Within aerOS dedicated services are prepared to: monitor and orchestrate specific task execution (AI Task [n] Controller) and execute an AI sub-task (AI Local Executor). They are deployed as auxiliary services on the aerOS infrastructure using aerOS service deployment and orchestration mechanisms. AI Task [n] Controller is responsible for task n-th and is collaborating with AI Task Executor services that are executing parts of this tasks on different IEs. In federated learning, at the end of the process, AI Task [n] Controller will have a new shared model trained in a federated way within AI Local Executor services.
AI Task Controller is deployed on aerOS infrastructure to control the execution of an AI task with respect to accepting configuration, synchronization of partial results, managing the training process. It is composed of the following elements.

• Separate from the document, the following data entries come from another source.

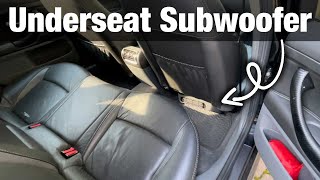 Saab 93  8quot Active Under Seat Subwoofer [upl. by Atiekahs]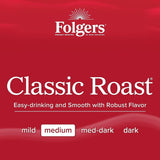 Folgers Classic Roast Instant Coffee, 8 Oz. Jar, Classic Taste in Convenient Instant Form, New Orleans Roasted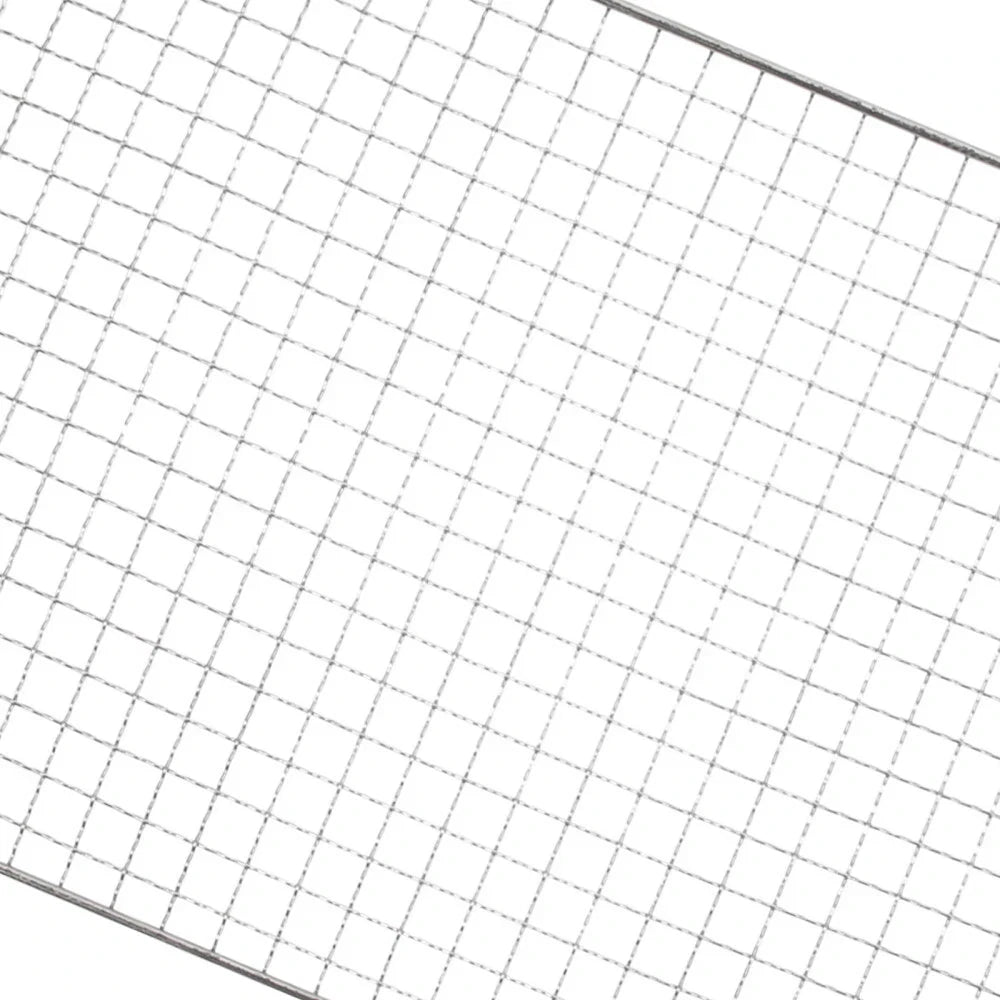 Samland 22x12cm BBQ Grill Mesh Fish Meat Rectangle Net Mat Barbecue Pad for Camping 3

AI Local Executor is a service deployed on aerOS infrastructure to execute workload for an AI sub-task i.e., to execute a local training round.
FL Controller - responsible for accepting a task description, initializing execution of workload using deployed services, managing and monitoring task lifecycle.
FL Training Collector - The FL training process involves several independent parties that collaborate to provide an enhanced ML model. In this process, the different local updates suggestions should be aggregated. This is tackled by the FL Training Collector, which is also in charge of sending the results of the training along with the updated model weights to FL Repository for storage.
FL Repository - One of the key application aspects of FL is making it persistent and configurable. The FL repository stores (and delivers upon request/need) the ML aggregation algorithms, ML models and the results of ML training.
Model Inferencer - provides predictions of a selected model.
Model Trainer - offers functionalities of an FL client, including the local training and evaluation of models.
Data Transformer - supports data preprocessing, data loading and training methods using serializable modules.